[Short descriptive text snippets]

+-------+

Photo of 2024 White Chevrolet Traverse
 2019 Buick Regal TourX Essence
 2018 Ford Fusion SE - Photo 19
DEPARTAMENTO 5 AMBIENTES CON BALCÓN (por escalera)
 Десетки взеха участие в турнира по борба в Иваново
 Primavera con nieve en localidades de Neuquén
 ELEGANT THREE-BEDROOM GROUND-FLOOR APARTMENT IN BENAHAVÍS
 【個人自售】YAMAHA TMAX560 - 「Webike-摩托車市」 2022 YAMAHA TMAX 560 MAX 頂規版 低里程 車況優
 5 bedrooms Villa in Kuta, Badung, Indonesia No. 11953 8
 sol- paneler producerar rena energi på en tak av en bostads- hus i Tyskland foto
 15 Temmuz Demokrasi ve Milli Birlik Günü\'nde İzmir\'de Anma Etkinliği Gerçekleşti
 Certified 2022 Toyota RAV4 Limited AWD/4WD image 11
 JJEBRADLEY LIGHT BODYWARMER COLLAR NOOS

+-------+

ACTIVITY: Output the lines of the records above exactly as they appear, from the line containing "頂規版 低里程 車況優" through the line containing "15 Temmuz Demokrasi".

PROBLEM SOLUTION:
 【個人自售】YAMAHA TMAX560 - 「Webike-摩托車市」 2022 YAMAHA TMAX 560 MAX 頂規版 低里程 車況優
 5 bedrooms Villa in Kuta, Badung, Indonesia No. 11953 8
 sol- paneler producerar rena energi på en tak av en bostads- hus i Tyskland foto
 15 Temmuz Demokrasi ve Milli Birlik Günü\'nde İzmir\'de Anma Etkinliği Gerçekleşti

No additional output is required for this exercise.